Insomma, persino il Piano Triennale di Prevenzione della Corruzione approvato dall'amministrazione attiva non più tardi di quattro mesi fa sembra proprio parlare chiaro.

Le dichiarazioni di de Nardis E d’altra parte, si pone una questione di non poco conto in capo al dirigente Domenico de Nardis che, il 18 gennaio scorso [qui], all’atto della riorganizzazione della macchina amministrativa con la rotazione degli incarichi dirigenziali voluta dal sindaco, sebbene fosse a capo del Ctgs ha messo nero su bianco – con l’autodichiarazione d’insussistenza di cause di inconferibilità o incompatibilità ai sensi del decreto 39 - di “non aver svolto incarichi e ricoperto cariche in Enti di diritto privato regolati o finanziati dal Comune”.

Stando al decreto, dovrebbe aver sottoscritto una stessa autodichiarazione anche al momento di assumere l’incarico di amministratore del Ctgs.

Con la conseguenza che potremmo essere dinanzi a dichiarazioni mendaci, a dirlo con termini giuridici. E comunque, non è chiaro come il dirigente potrà presentare una dichiarazione sull’insussistenza delle cause di incompatibilità in futuro, a dire che la sua posizione potrebbe farsi davvero delicata.

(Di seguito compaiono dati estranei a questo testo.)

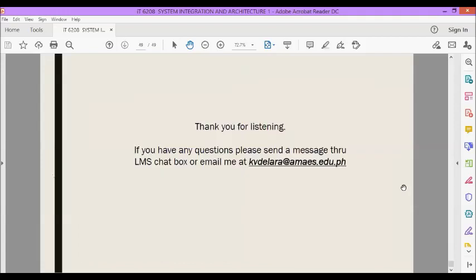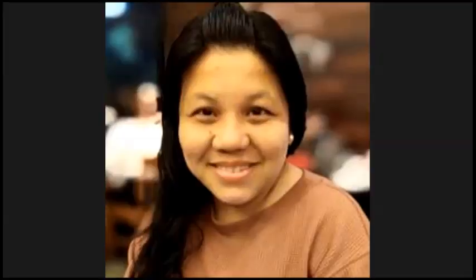If you have any questions, please send a message through the LMS chat box for ITE 6208 System Integration and Architecture 1, or you can email me at kvdellara@amais.edu.ph. Thank you so much for listening and attending this virtual class. Keep safe and keep healthy, everybody. God bless.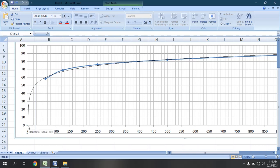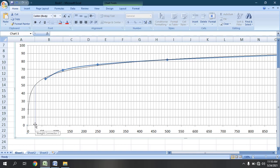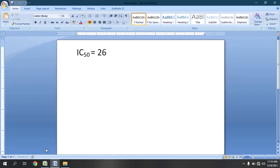Now we will calculate this point by counting divisions. This is the division of 10, this is 20, 30, 40 and 50. So this line is intersecting in between 20 and 30 — but not exactly in the middle. It is intersecting somewhat near to 30. So we will assume this is 26. We are going to put the IC50 value as 26 ppm.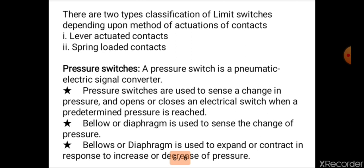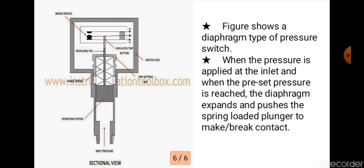The third device is pressure switches. Pressure switches operate based on pressure variation in the electrical circuit. A pressure variation pre-set value causes the switch to open and close, making or breaking electrical contact.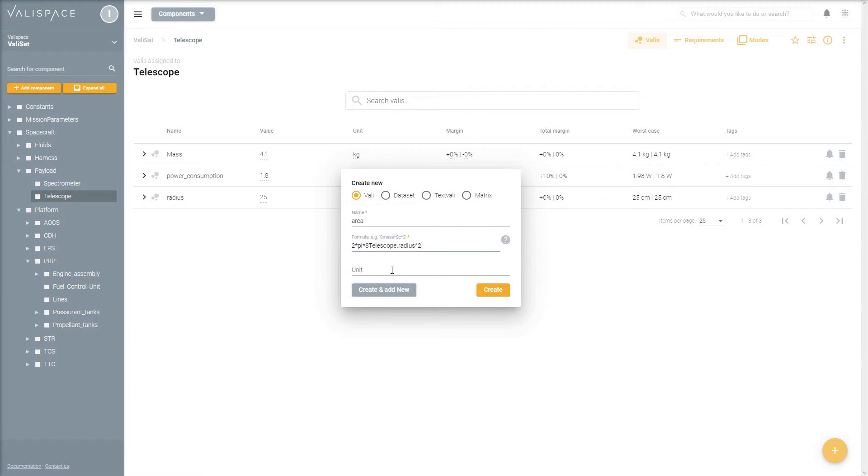Don't worry about the units, as these will be automatically taken care of by ValleySpace. But if you would like to specify them, you can.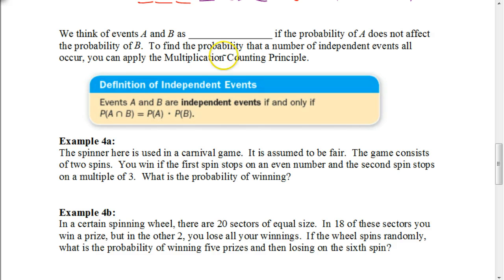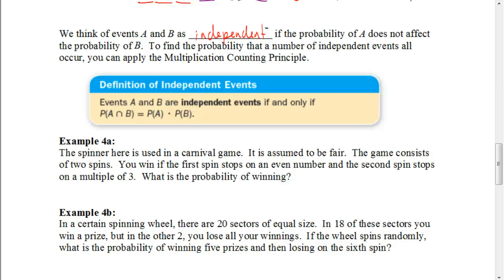Now let's think of events A and B as independent events. If the probability of A does not affect the probability of B, you can find the probability that a number of independent events occur by multiplying using the multiplication counting principle. Going back to the Price is Right spinner, what you got on the first spin does not impact what you get on the second spin — those are independent events.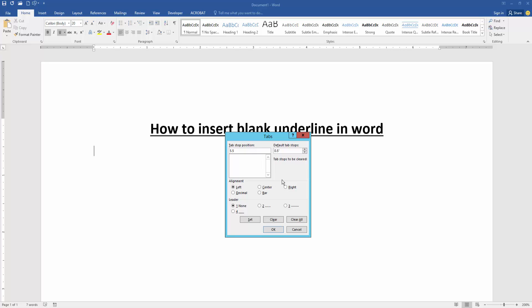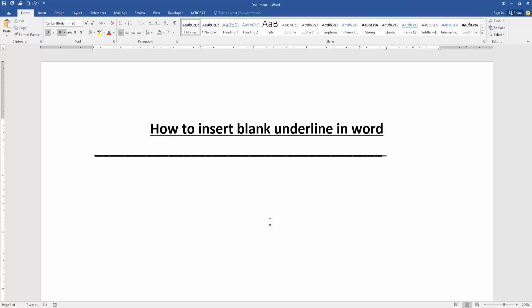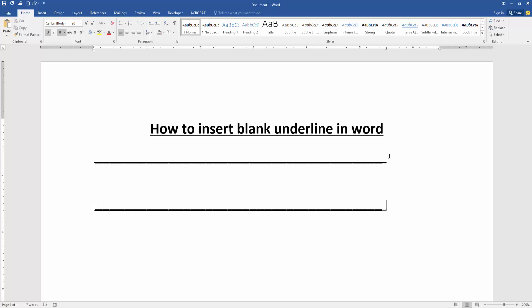Then check mark on the right, then select Leader 4, then click Set, then click OK. Now press Tab on the keyboard and we can see we have made a blank underline in this document very easily. You can apply this process to another line by pressing Tab on the keyboard.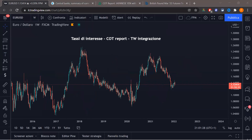Ciao ragazzi, bentornati in live. Vedo già 250 persone connesse, abbiamo aperto questo minuto. Allora, come sempre aspetto qualche minuto prima di partire. Vi ringrazio tantissimo per i feedback che ho ricevuto riguardanti l'ultima live. L'ultima live sul Commitment of Traders Report è andata benissimo, vi è piaciuta tantissimo e penso che possa cambiare la view a tutti quei trader che lavorano il positioning.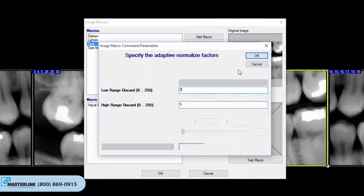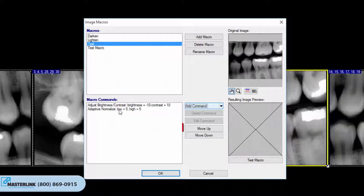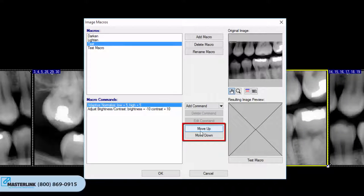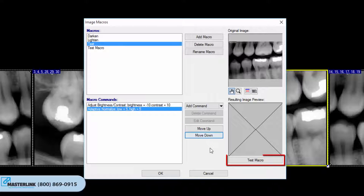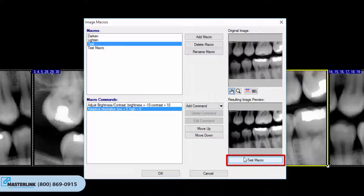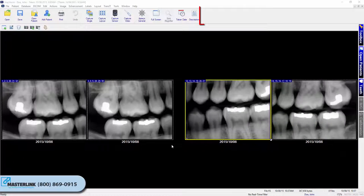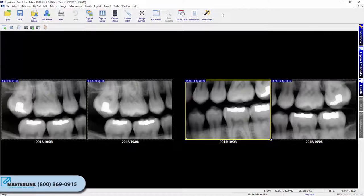To change the order, select the desired command and use the Move Up or Move Down button to place it in the desired position. Click Test Macro to preview the resulting image. If satisfied, click OK to exit. Once the macro is created, a user can customize their toolbar to include a button for the new image macro. Refer to the Customizing the Toolbar and Toolbox video tutorial for more information on creating a custom macro button.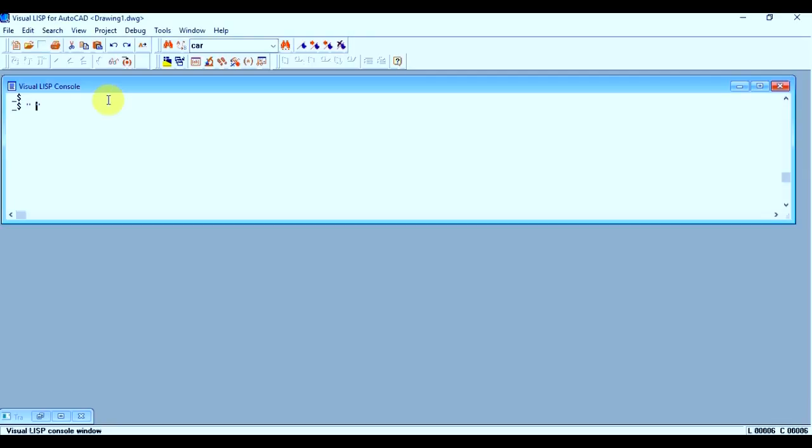So whatever you will write—let's say I am taking 1, 2, 3, 4, 5—these are numbers, but you have written them in quotation marks, so it will always act as a string. Okay, so it is one word, not numbers. So this is the string.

Lo ribadiamo: la vicenda è assai spinosa, e davvero si fa fatica a credere che l’amministrazione si sia cacciata su di un sentiero così scivoloso.

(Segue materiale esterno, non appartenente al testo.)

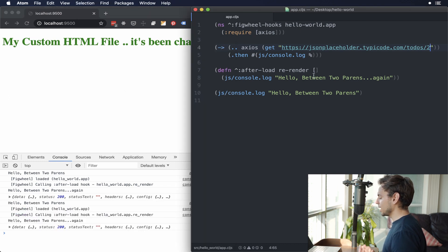All right, congratulations, you're now using npm modules. This is like step one. The next step is start exploring, start trying to use all kinds of npm packages inside of your ClojureScript project and see how it works out.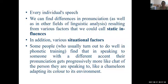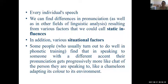In every individual's speech, we can find differences in pronunciation as well as in other fields of linguistic analysis resulting from various factors that we could call static influences. In addition, there are various situational factors. Some people who do well in phonetic training find that in speaking to someone with a different accent, their pronunciation gets progressively more like that of the person they are speaking to — like a chameleon adapting its color to its environment.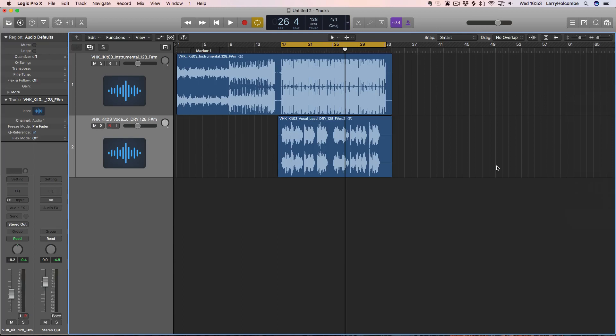Hi guys, welcome to this video. I'm going to show you how to make some vocal chops using our sample pack Vocal House. What I've done here is input the instrumental, and then what I've got is the dry vocal, and I've just chopped out this chorus section, and we're going to go through and make some vocal chops.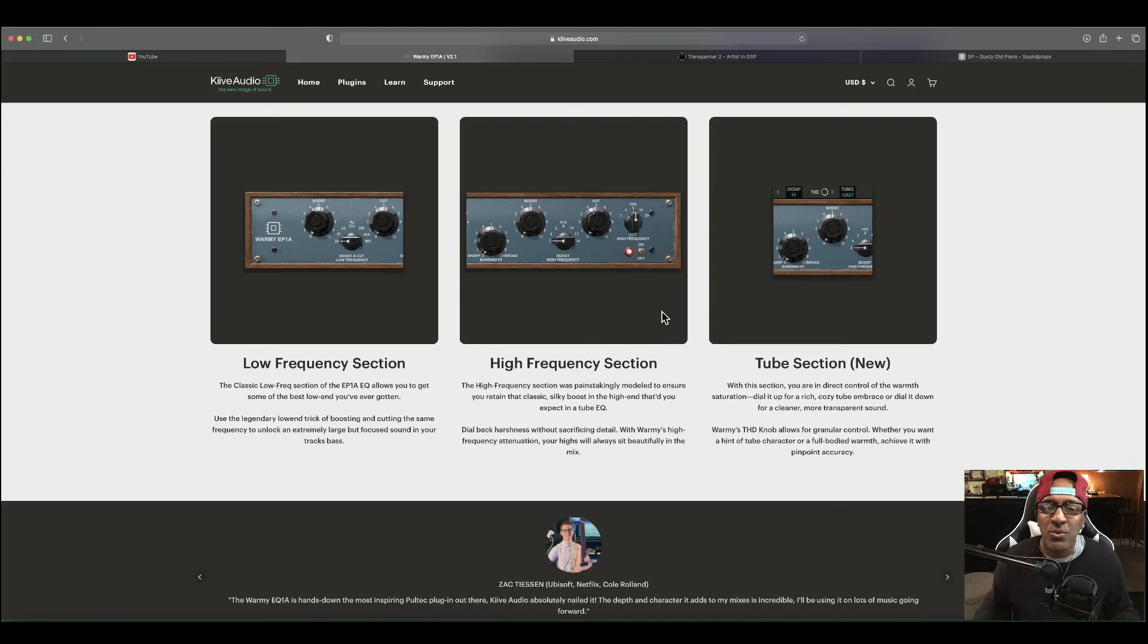Free plugin number two is going to be Transpanner Two. This one right here looks like a winner. You can control it with a vector joystick, like the old analog games Pac-Man. That is a vector joystick.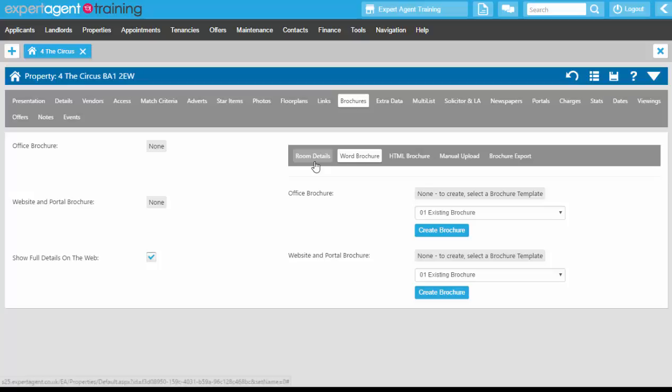It's pulling it through from Word into the queue. Once it's at the top of the queue, it will create a PDF brochure, pop the price on top, and send you a quick message at the top here to let you know it's done.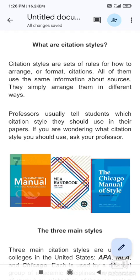Hello viewers, welcome back to my channel. In today's video, we are going to see what is citation and its style.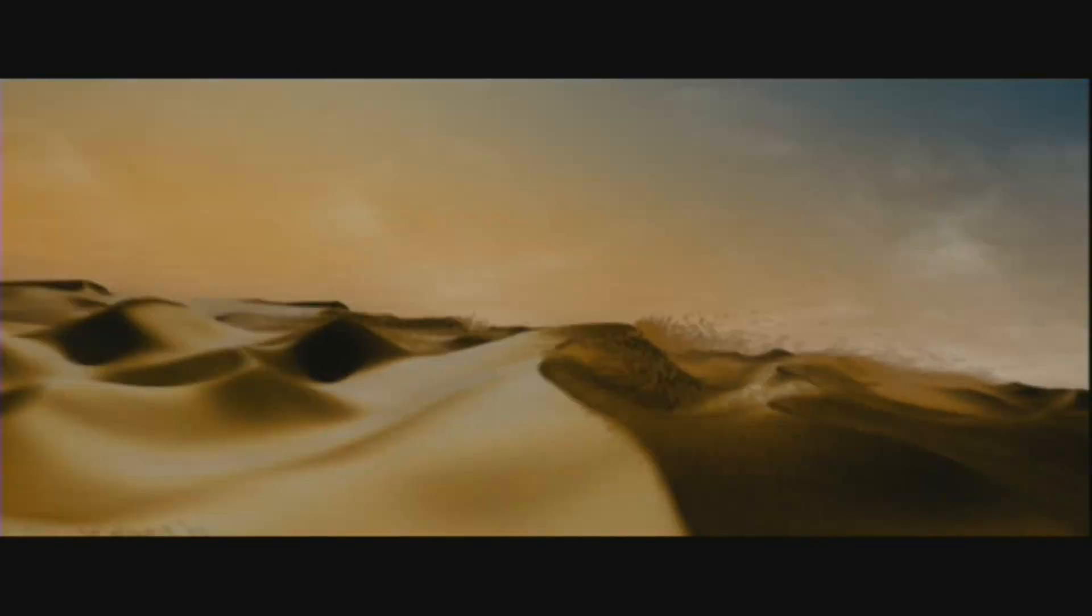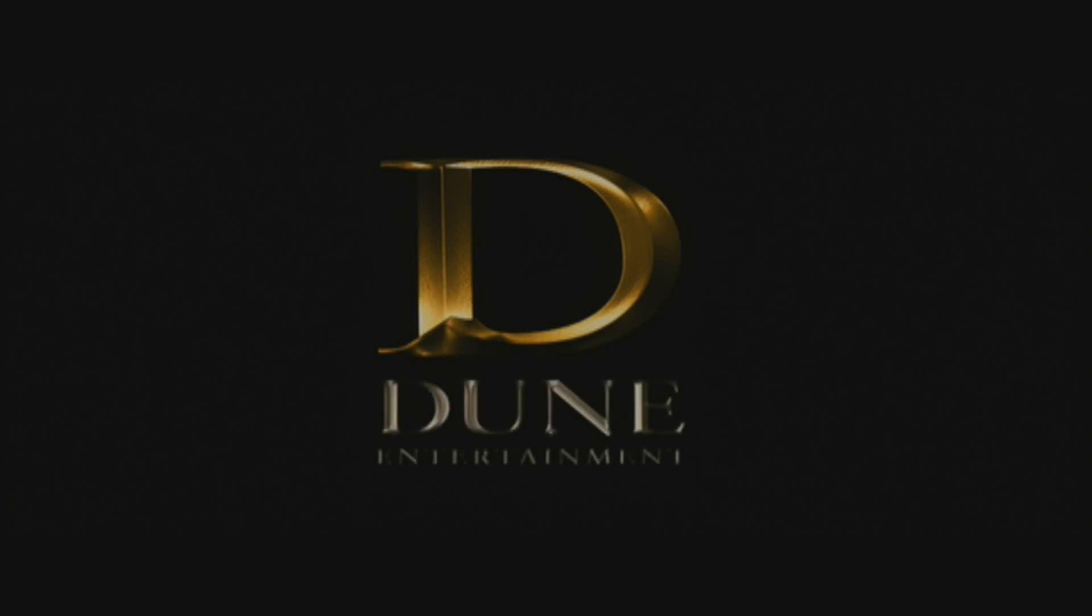Sand dunes speed by in reverse high speed. A tornado whips up a column of sand in a golden sunset and a golden letter D traces out above the logo, Dune Entertainment.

Il decreto 175/2016 Come detto, la segretaria comunale ha chiarito di non aver ancora valutato se la vicenda possa ricadere nella fattispecie prevista dal decreto legislativo 39 che abbiamo sviscerato o, piuttosto, nel dettato del decreto legislativo 175 del 2016, il testo unico in materia di società partecipate; anche in questo caso, la norma sembra parlare chiarissimo: all’articolo 11, comma 8, si legge che “gli amministratori delle società a controllo pubblico non possono essere dipendenti delle amministrazioni pubbliche controllanti o vigilanti”.

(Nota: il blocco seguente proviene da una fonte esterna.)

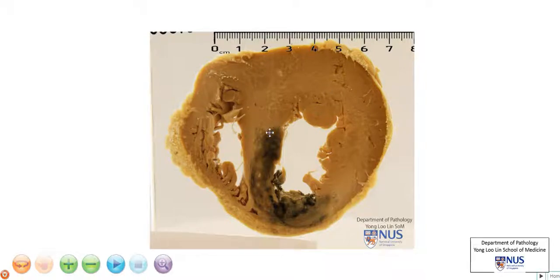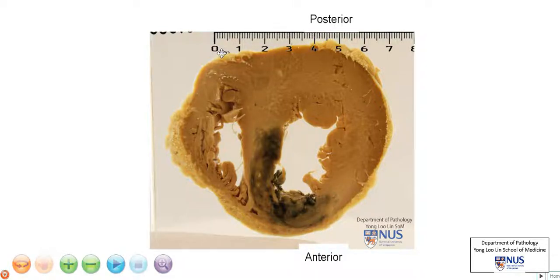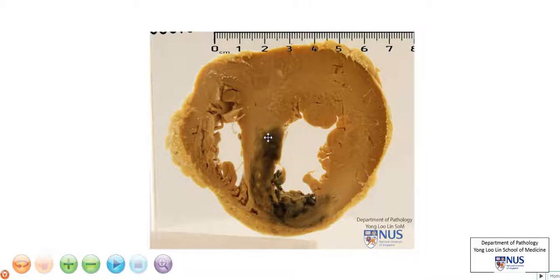Hello. We're looking at a transverse section here of the heart through the left ventricle and the right ventricle. This is the anterior surface and this is the posterior surface. What we can see here is that there is a localized area of discoloration at the interventricular septum as well as the anterior part of the left ventricle.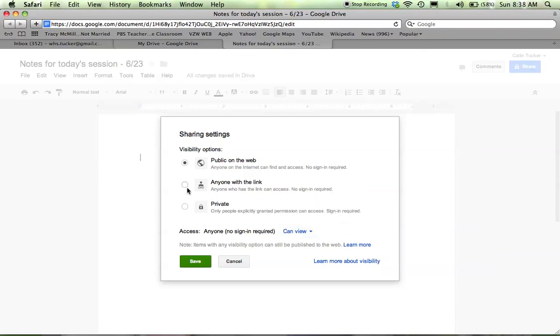I can do this also by clicking anyone with a link. So this is a little bit more private in the sense that you have to give the link to someone and then again, they can view.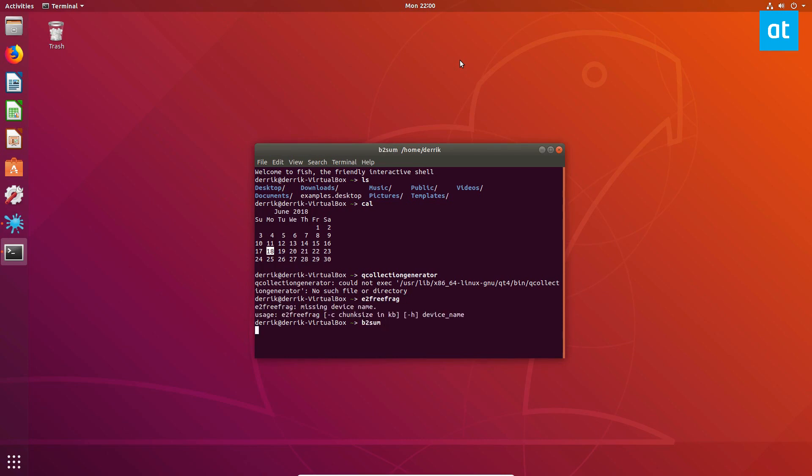And it'll automatically suggest commands. It's very useful. If you forget things, or even if you do remember commands but you just don't feel like having to type it out all the time, like you have long commands, this will automatically remember it. Fish is very useful.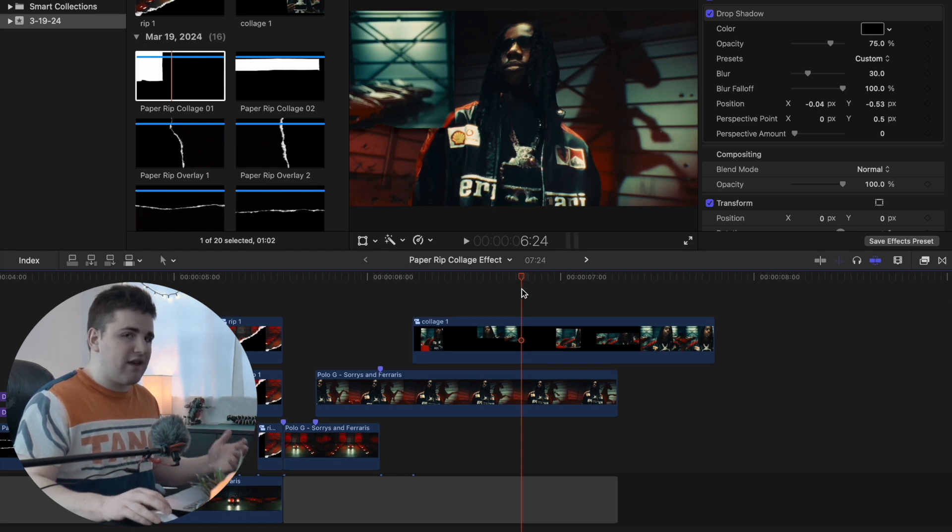That's the paper rip collage pack, available for sale on my digital store — the link is in the description below. If you enjoy these types of videos, hit the subscribe button. And if you're looking for Final Cut Pro plugins, presets, overlays, and transitions, check out my digital store. I'll see you in the next one.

Pure nel merito del d.lgs 175 l’allora responsabile dell’anticorruzione ha interrogato l’Anac che, sul punto, ha risposto [qui], sebbene indirettamente, sottolineando di non avere espressa competenza in ordine alle violazioni; serve – ha sottolineato l’Autorità – un intervento diretto del Governo o del Parlamento “affinché sia individuato l’organismo competente alla verifica delle incompatibilità previste e siano stabilite le sanzioni per eventuali violazioni, visto che nemmeno queste sono state disciplinate dal decreto”. Pertanto, in assenza di una modifica normativa, l’Autorità ha deciso di “rimettere alle singole amministrazioni controllanti eventuali ipotesi di incompatibilità che dovessero emergere nella propria attività di vigilanza o consultiva”; insomma, dovrebbe essere la segretaria generale – nella sua veste di responsabile dell’anticorruzione – a procedere con la diffida affinché l’incompatibilità acclarata venga risolta.

Lo dicevamo: il decreto 175 non prevede sanzioni; tuttavia, in caso di ricorso al Tar da parte di soggetti con interesse diretto sugli atti istruiti dall’amministratore, stante l’incompatibilità, questi potrebbero essere considerati nulli e, comunque, resterebbe in capo al dirigente la responsabilità delle dichiarazioni rilasciate, sebbene riferibili al decreto 39. E’ chiaro, però, che le conseguenze sarebbero ben diverse, si procedesse in questo senso.